With the difficult and often frustrating task of “getting along with others” it is helpful to have some guidance in how to communicate with those who don’t think quite the way we do. And when that someone is our spouse – someone with whom we have to deal on a constant basis – lack of understanding can lead to hurt feelings which, over time, can seriously damage a relationship.
The Temperament God Gave Your Spouse explains that your soul mate isn’t really trying to drive you nuts; he or she just is the way he is. The first part of the book describes each temperament in the role of spouse (and parent). In the second part, the book explains the best ways for a spouse to communicate with each temperament as well as offers tips for that temperament in dealing with others. It then goes on to describe the dynamics of each marriage, whether one marries someone of a like temperament or if one is in a “mixed” marriage.

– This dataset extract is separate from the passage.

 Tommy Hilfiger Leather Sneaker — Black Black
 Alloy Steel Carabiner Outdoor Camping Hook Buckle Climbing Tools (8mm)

This book is a good resource for ideas on how to improve communication within a marriage. You do not need to have read their first book to understand this book, although I intend to read The Temperament God Gave You for greater insight into each temperament, personalities of mixed temperaments, and how to parent children of different temperaments, which I think would be useful knowledge (anybody have a copy they want to loan me?).
I will say that I am not entirely sold on the whole temperament-as-an exclusive-way-to-classify-people idea. I would certainly hesitate to say something like, “Oh, you’re reacting this way because you’re a (fill in the blank).” Perhaps it is because I am a mixed temperament (choleric-sanguine), and my husband is even more mixed (primarily melancholic-sanguine) that I have trouble saying, “Oh, that is so – us,” to any of the relationships listed. Rather, I saw threads of commonality in most of the temperaments and found the communication techniques described in the book as generally useful for most people most of the time.